*GIVEN DATA:*
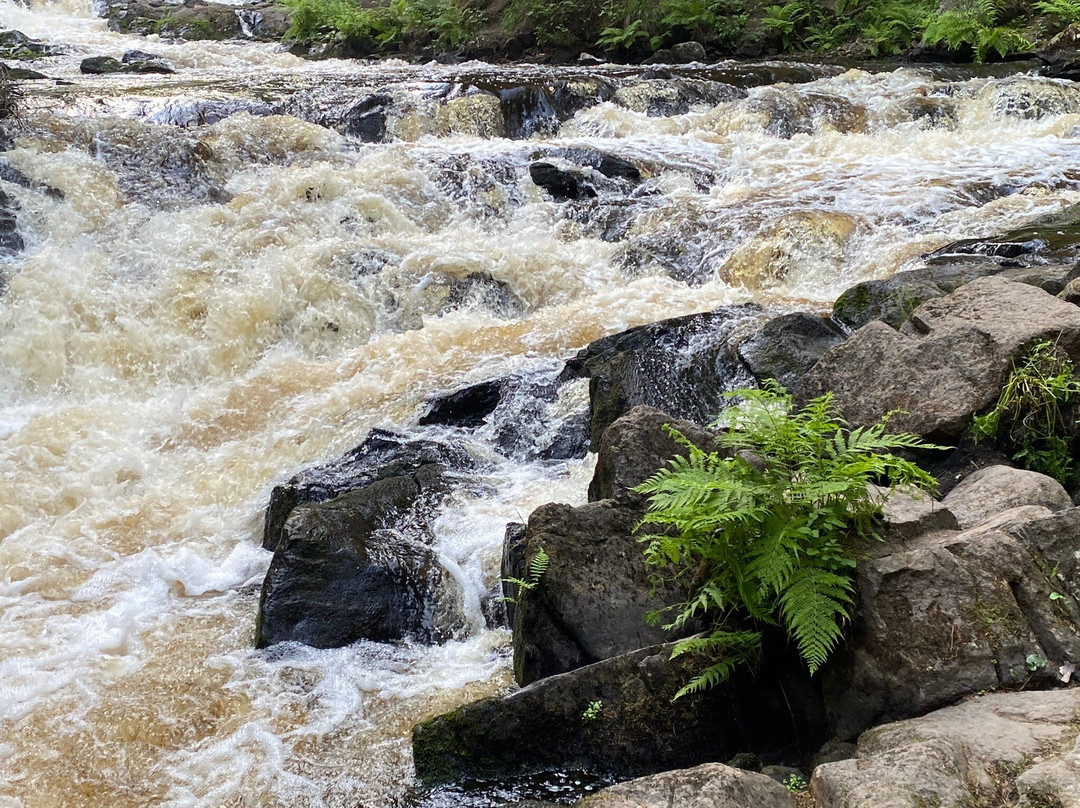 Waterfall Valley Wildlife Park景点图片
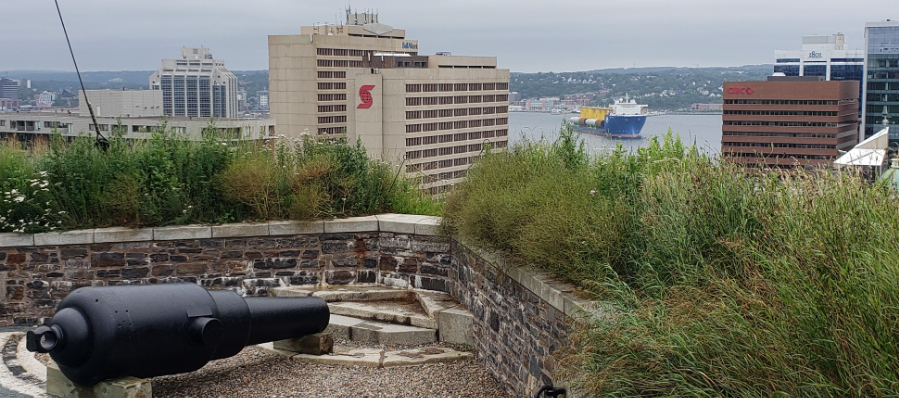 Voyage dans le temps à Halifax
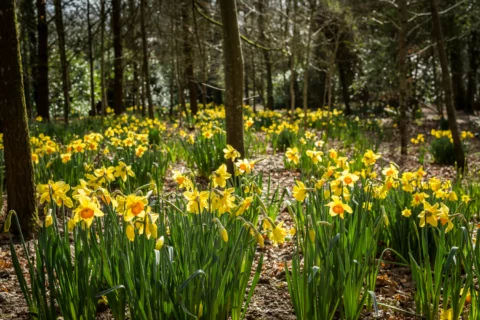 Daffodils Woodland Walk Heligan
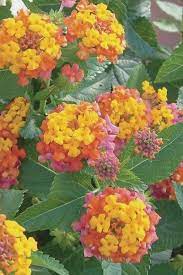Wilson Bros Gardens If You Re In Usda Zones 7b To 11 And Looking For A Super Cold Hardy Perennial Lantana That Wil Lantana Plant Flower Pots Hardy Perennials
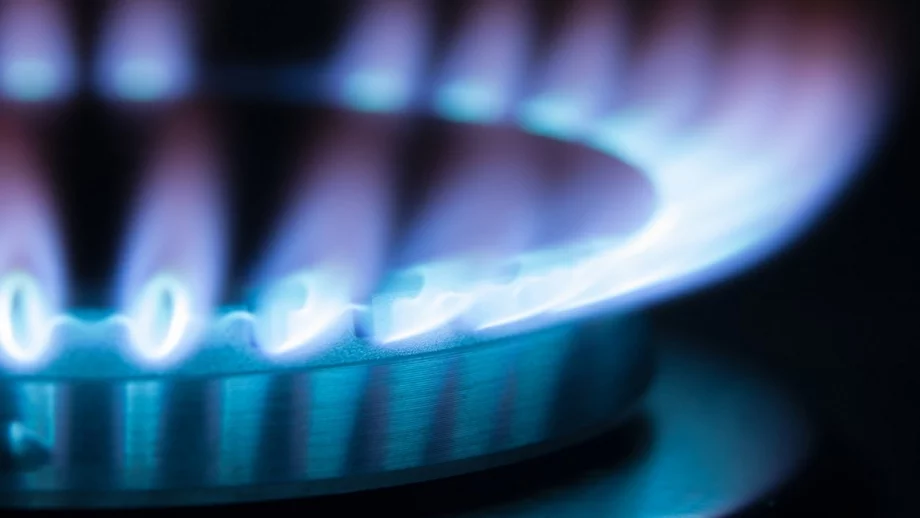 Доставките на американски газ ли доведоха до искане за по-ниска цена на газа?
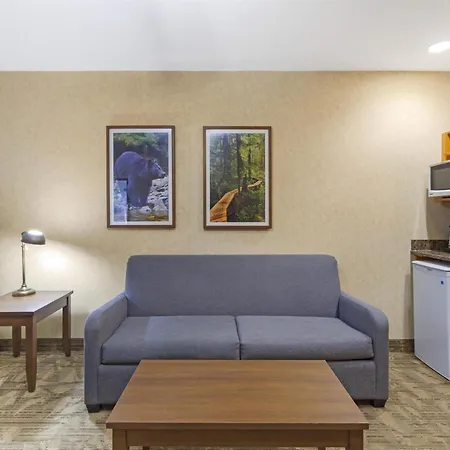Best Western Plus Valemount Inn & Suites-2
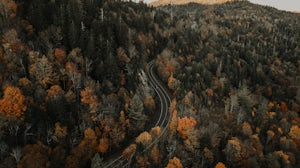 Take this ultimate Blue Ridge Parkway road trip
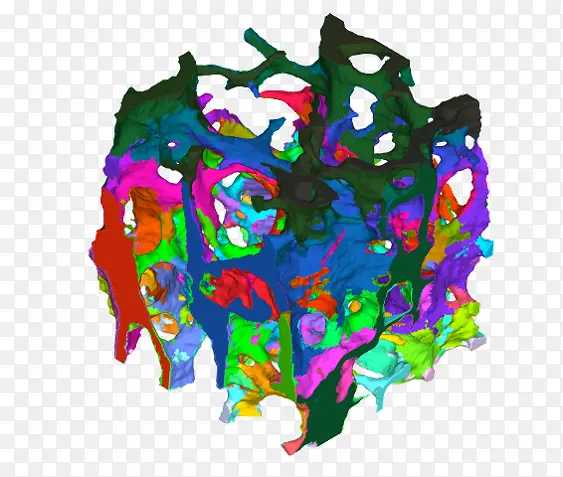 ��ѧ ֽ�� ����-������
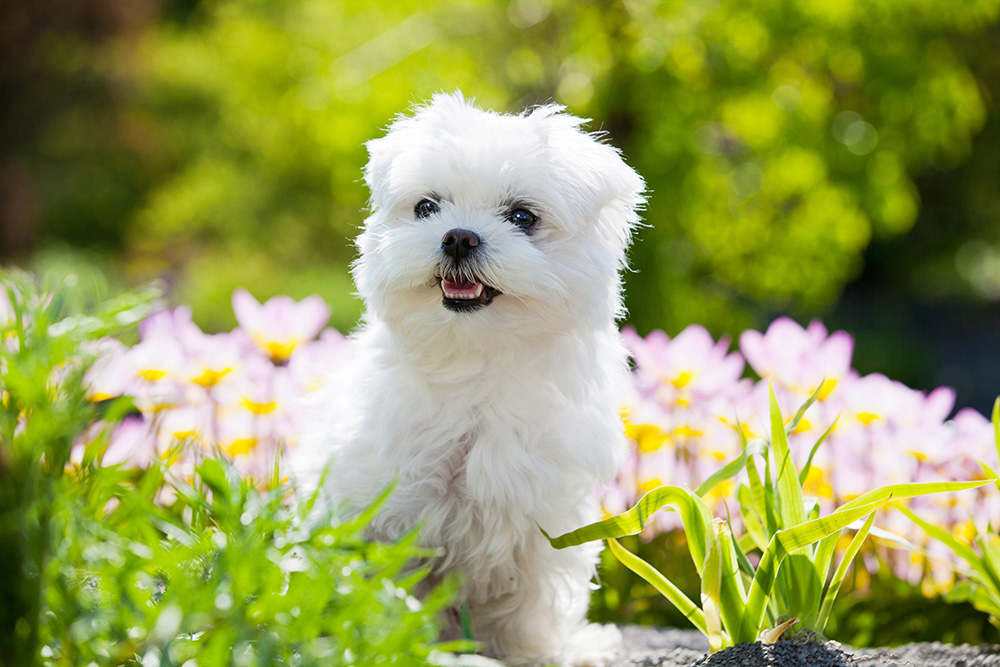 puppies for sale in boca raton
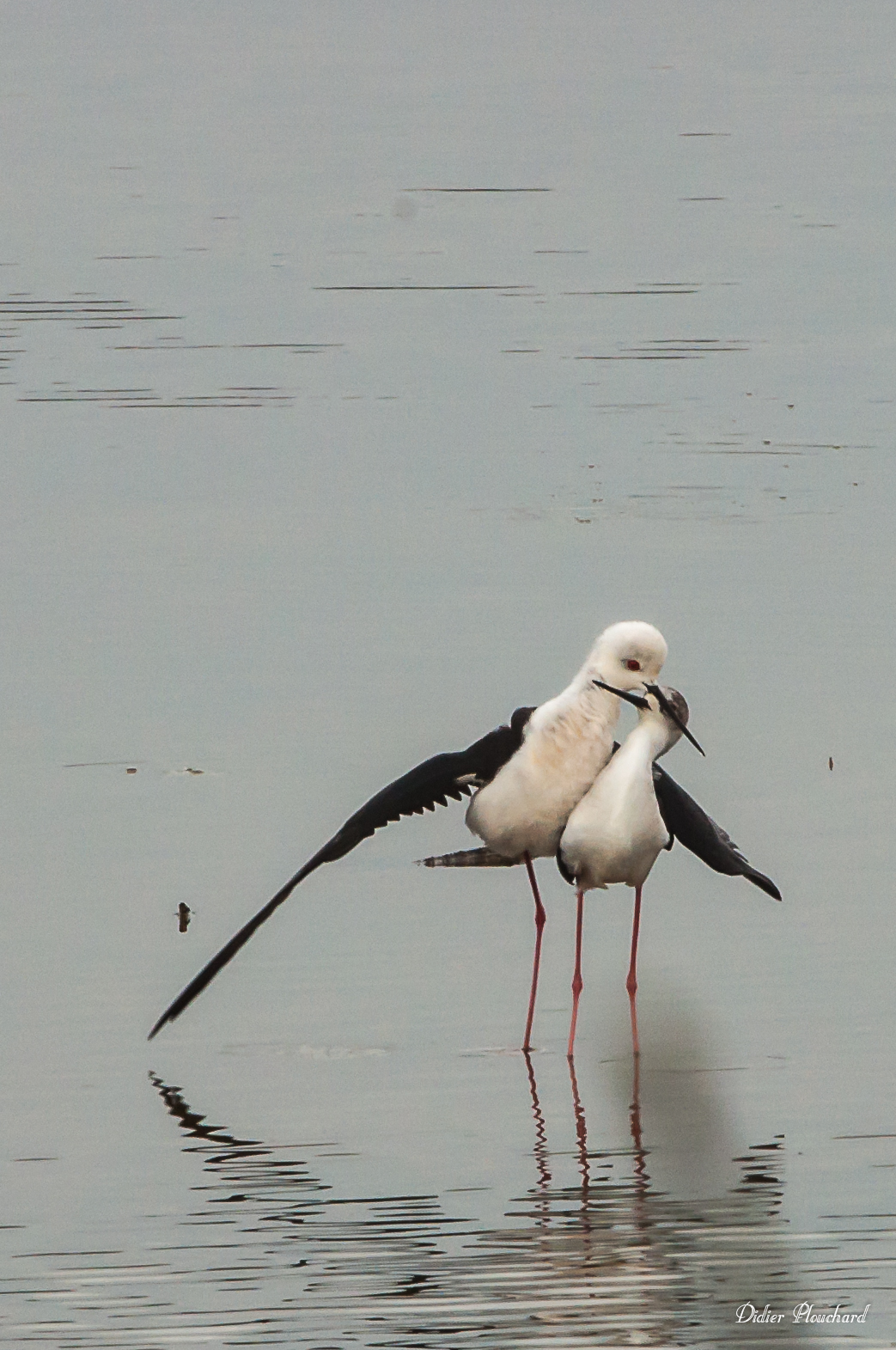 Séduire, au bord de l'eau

*EXERCISE OBJECTIVE:* Each entry gets copied exactly; the pictures stay out.

*RESPONSE TO THE TASK:*
 Waterfall Valley Wildlife Park景点图片
 Voyage dans le temps à Halifax
 Daffodils Woodland Walk Heligan
Wilson Bros Gardens If You Re In Usda Zones 7b To 11 And Looking For A Super Cold Hardy Perennial Lantana That Wil Lantana Plant Flower Pots Hardy Perennials
 Доставките на американски газ ли доведоха до искане за по-ниска цена на газа?
Best Western Plus Valemount Inn & Suites-2
 Take this ultimate Blue Ridge Parkway road trip
 ��ѧ ֽ�� ����-������
 puppies for sale in boca raton
 Séduire, au bord de l'eau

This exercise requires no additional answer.